== Segment start ==
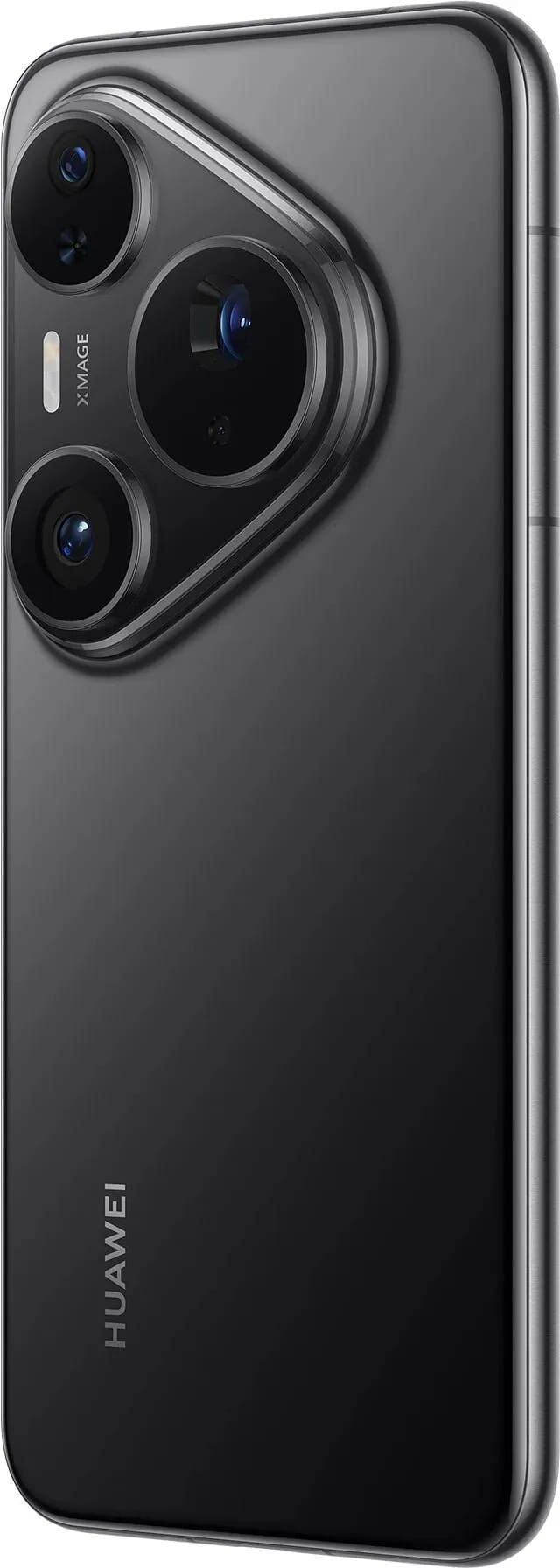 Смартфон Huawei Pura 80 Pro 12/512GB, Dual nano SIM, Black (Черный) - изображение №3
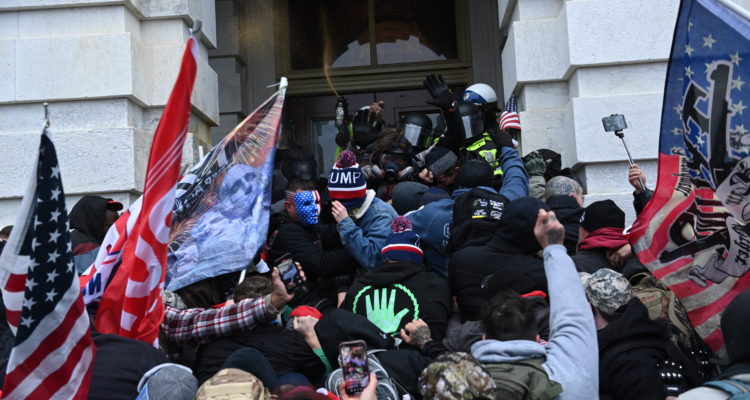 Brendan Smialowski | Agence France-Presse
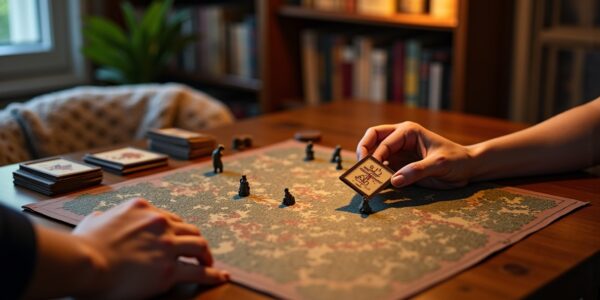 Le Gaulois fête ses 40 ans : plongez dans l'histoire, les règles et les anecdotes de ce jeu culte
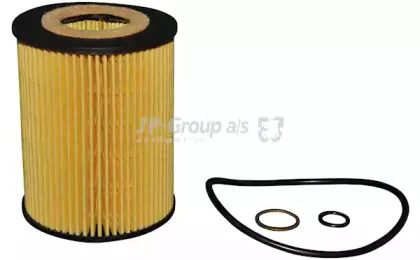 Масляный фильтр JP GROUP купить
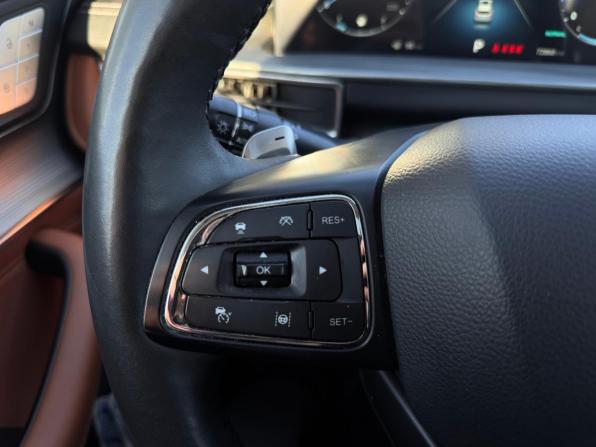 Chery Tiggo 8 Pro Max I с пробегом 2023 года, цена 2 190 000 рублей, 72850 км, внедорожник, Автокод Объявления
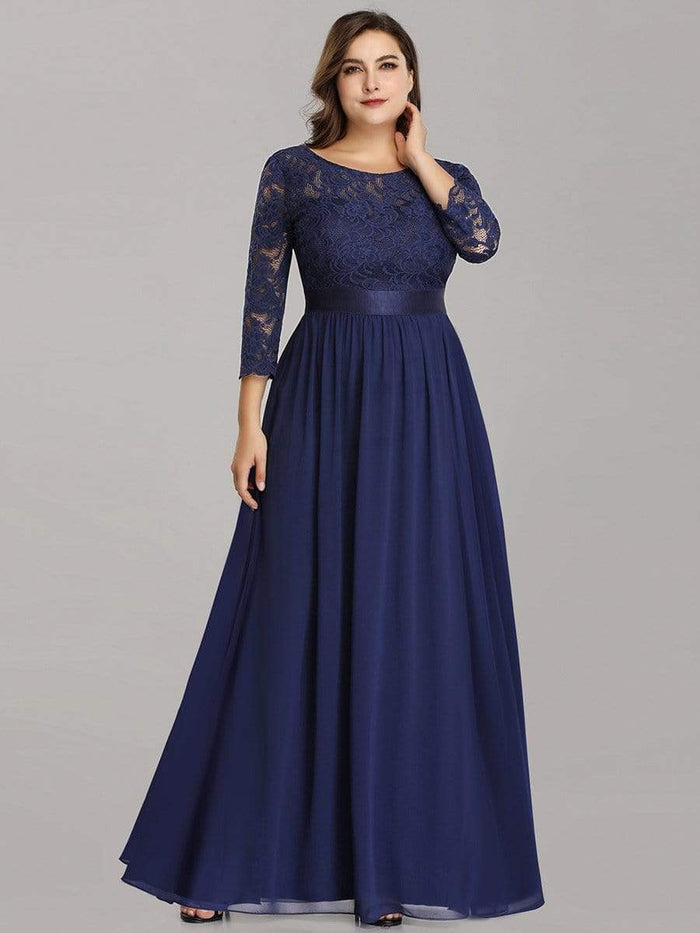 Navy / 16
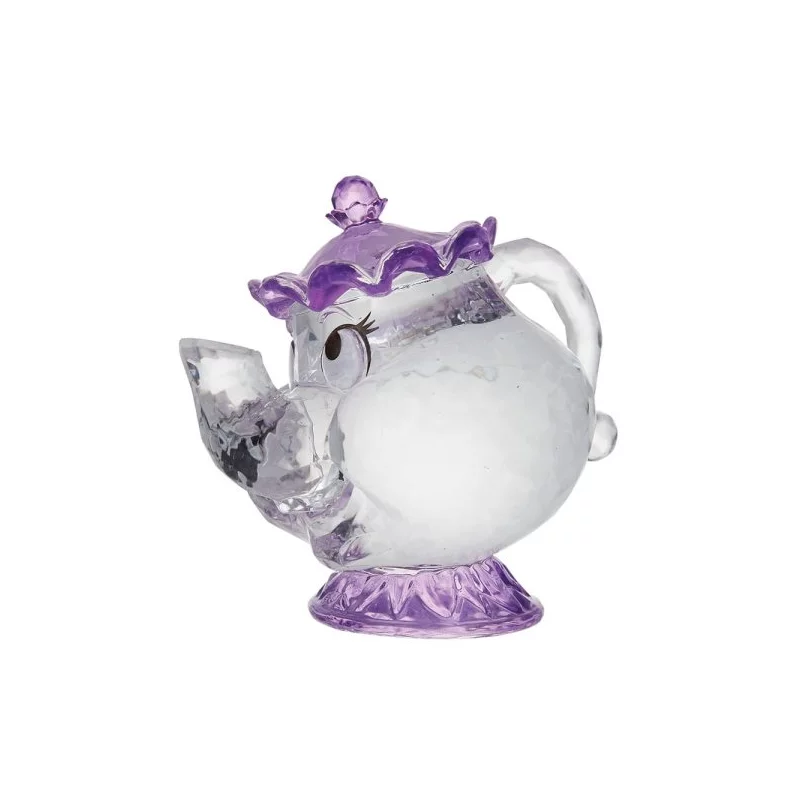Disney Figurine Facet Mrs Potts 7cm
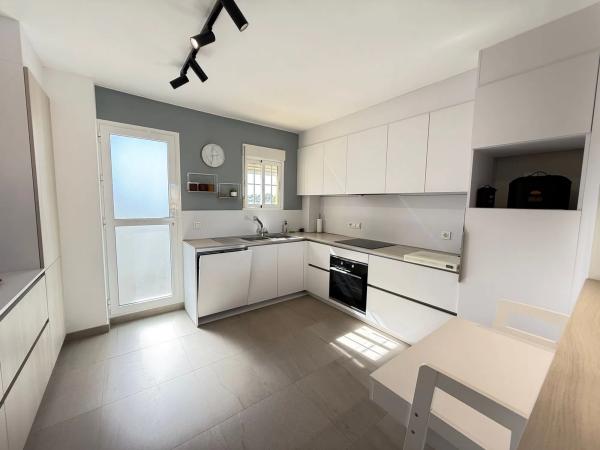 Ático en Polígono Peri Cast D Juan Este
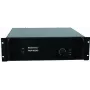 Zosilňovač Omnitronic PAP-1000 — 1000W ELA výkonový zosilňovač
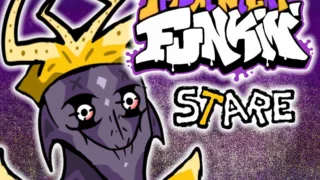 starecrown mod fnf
== Segment end ==
== Segment start ==
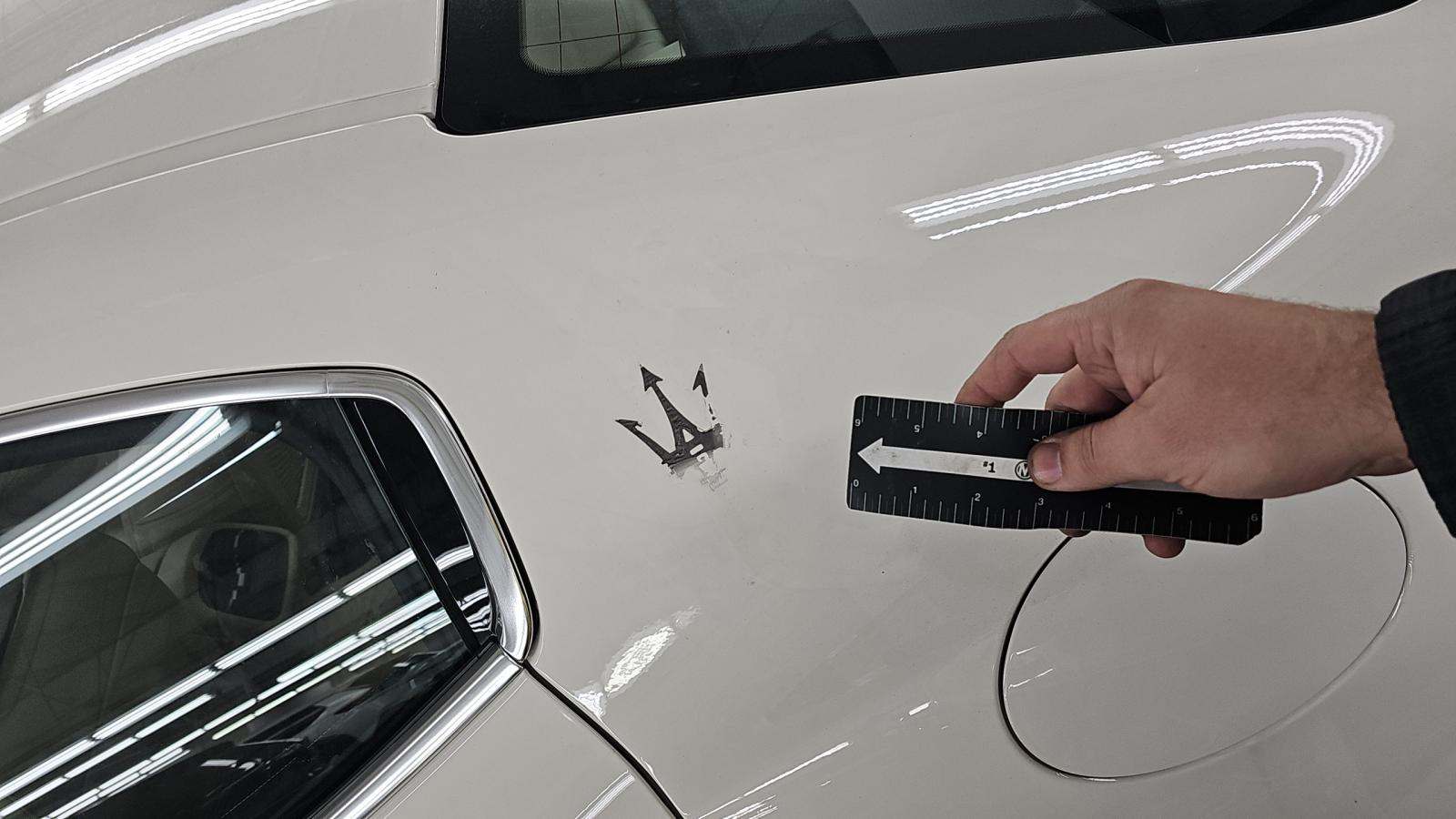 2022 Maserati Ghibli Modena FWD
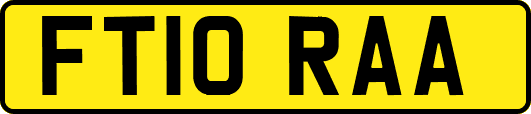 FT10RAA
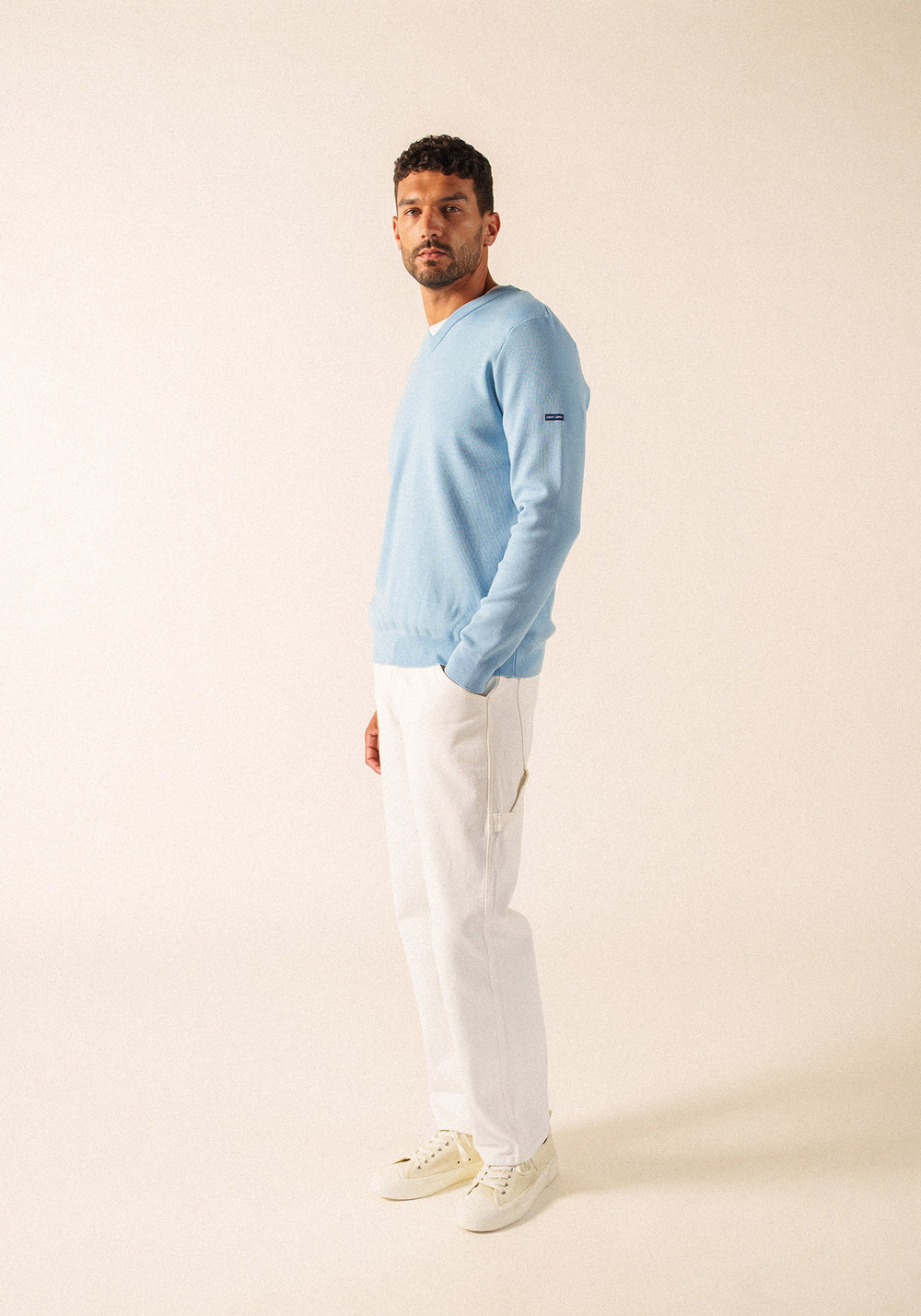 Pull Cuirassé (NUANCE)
== Segment end ==
== Segment start ==
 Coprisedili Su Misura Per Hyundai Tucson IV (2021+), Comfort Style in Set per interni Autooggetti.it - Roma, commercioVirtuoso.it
== Segment end ==
## What the exercise asks
Return the material from the line containing "Zosilňovač Omnitronic PAP-1000" through the line containing "starecrown mod fnf", exactly and in full, but without its pictures.

## Expected answer
 Zosilňovač Omnitronic PAP-1000 — 1000W ELA výkonový zosilňovač
 starecrown mod fnf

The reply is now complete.